Estas encinas que he tenido la ocurrencia
de fotografiar se afianzan en las rocas del mismo modo que nosotros nos
aferramos a… ¿qué? Ay amigo, si lo supiera, en vez de estar haciendo filosofía
barata en esta página de mongólogo interior, estaría escribiendo un libreto para
Broadway, con el título de “Qué bello es vivir 2”, mientras un productor
andaría buscando una réplica de James Stewart con el sex-appeal adaptado a los
gustos actuales (una especie de maltratador desaliñado pero tierno, con
tatuajes en la chepa, ¿o ya está pasada de moda esa pinta? Tendré que hojear
alguna revista de actualidad para ver anuncios de desodorante masculino, antes
de seguir diciendo indocumentadas necedades…
Volviendo a las encinas, que aquí llamamos
carrascas, he de decir que, personalmente, encuentro que se trata de seres
vivos fascinantes, con los que tiendo a identificarme mucho más que, pongamos,
con los alcornoques. ¿Y por qué? Las carrascas son unos sólidos árboles de hoja
perenne, muy parcos en sus necesidades vitales y detentadores, hasta donde yo
sé, de una utilidad muy escasa: ni su madera es particularmente apreciada, ni
su fruto convoca la rapiña de ningún gourmet, ni su sombra es nada del otro
mundo...
Por ejemplo cuando, en verano, intento
frenar el sofoco bajo uno de estos poderosos árboles, apenas me da la sensación
de proporcionar frescor y su copa cobija miríadas de latosísimos insectos; el
suelo pedregoso y árido, erizado de hierbas ásperas y secas, no invita a yacer
cómodamente: es como si la carrasca ejerciera la voluntad de privarse de la
cercanía de un indeseable como yo, cosa que le aplaudo…
Pero lo que más me admira, claro, es su
terca decisión de asentarse y sobrevivir, incluso en estas intemperies tan
adversas de las llanuras y somontanos altoaragoneses. Desafía a un sol que
evapora las piedras, a las nieblas, a las heladas, a la tenaz sequía y a un
viento que sopla por aquí, capaz de desplazar una excavadora hasta el barranco
más próximo.

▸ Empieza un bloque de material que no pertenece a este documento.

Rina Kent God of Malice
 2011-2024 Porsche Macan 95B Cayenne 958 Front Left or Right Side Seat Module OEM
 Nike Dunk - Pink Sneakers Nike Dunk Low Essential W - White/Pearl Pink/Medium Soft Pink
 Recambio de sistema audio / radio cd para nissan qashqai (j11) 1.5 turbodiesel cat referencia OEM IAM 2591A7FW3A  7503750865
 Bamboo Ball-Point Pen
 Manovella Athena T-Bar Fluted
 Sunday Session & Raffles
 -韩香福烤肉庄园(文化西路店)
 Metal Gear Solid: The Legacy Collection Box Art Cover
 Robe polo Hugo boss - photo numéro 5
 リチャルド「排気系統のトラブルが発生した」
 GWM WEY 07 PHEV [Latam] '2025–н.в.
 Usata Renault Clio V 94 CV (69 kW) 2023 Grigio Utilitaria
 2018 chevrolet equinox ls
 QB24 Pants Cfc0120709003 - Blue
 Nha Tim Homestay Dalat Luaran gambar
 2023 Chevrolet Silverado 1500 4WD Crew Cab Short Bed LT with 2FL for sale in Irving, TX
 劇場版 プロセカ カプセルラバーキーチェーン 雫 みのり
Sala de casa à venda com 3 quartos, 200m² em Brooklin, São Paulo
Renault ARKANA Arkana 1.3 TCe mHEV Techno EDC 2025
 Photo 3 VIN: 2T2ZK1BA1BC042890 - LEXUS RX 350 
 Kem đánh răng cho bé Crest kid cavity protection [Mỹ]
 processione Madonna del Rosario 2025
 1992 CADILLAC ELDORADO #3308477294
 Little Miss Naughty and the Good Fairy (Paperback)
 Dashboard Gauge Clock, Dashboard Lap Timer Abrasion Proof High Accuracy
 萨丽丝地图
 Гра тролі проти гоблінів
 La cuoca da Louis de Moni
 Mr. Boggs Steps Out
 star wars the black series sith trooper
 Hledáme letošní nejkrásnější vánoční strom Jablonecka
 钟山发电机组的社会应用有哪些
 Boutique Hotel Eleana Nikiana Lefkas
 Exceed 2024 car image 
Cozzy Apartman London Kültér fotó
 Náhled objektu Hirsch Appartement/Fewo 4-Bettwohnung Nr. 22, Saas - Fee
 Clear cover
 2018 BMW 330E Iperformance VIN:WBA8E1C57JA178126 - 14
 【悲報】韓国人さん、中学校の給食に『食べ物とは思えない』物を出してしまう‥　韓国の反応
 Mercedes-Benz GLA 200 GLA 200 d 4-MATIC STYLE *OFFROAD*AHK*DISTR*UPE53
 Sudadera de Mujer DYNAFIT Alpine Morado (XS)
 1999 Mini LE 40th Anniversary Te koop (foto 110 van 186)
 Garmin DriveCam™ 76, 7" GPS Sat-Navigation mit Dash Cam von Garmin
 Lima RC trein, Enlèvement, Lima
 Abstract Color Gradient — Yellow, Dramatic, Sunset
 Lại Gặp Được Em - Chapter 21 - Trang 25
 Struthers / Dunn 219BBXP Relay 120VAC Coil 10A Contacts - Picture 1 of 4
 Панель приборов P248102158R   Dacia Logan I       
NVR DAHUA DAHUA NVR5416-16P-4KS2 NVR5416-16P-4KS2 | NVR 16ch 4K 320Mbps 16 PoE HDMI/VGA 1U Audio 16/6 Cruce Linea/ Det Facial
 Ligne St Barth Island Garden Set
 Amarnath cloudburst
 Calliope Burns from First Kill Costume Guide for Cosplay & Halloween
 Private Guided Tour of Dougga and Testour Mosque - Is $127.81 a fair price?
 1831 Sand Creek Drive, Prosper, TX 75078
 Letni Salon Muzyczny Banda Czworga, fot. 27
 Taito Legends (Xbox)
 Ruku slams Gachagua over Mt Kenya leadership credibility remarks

De ser necesario, sus raíces se hincan en la roca, llegando a
quebrarla como si fuera hojaldre…
Su pertinacia admirable me impulsa a
llenarme, ahora cuando caigan, los bolsillos de bellotas y, el día que llueva y
el terreno esté blando por unas horas, enterrarlas aquí y allá, en los confines
de mis paseos para ver si, andando el tiempo, alguna brota y me llena de
paternal e insensato orgullo…
Y como dicen que una imagen vale más que
mil palabras, pongamos que, si la imagen te sale a ochenta céntimos, no esperes
más de dos euros por diez mil palabras, así que, por esta vez, lo dejaremos
aquí en 475 palabras, nueve céntimos y medio, no me extraña que nadie pueda vivir de
periodista (y tengan que malvenderse al poder). En cambio, las espartanas carrascas
podrían vivir de lo que escribieran, si les diera por ahí.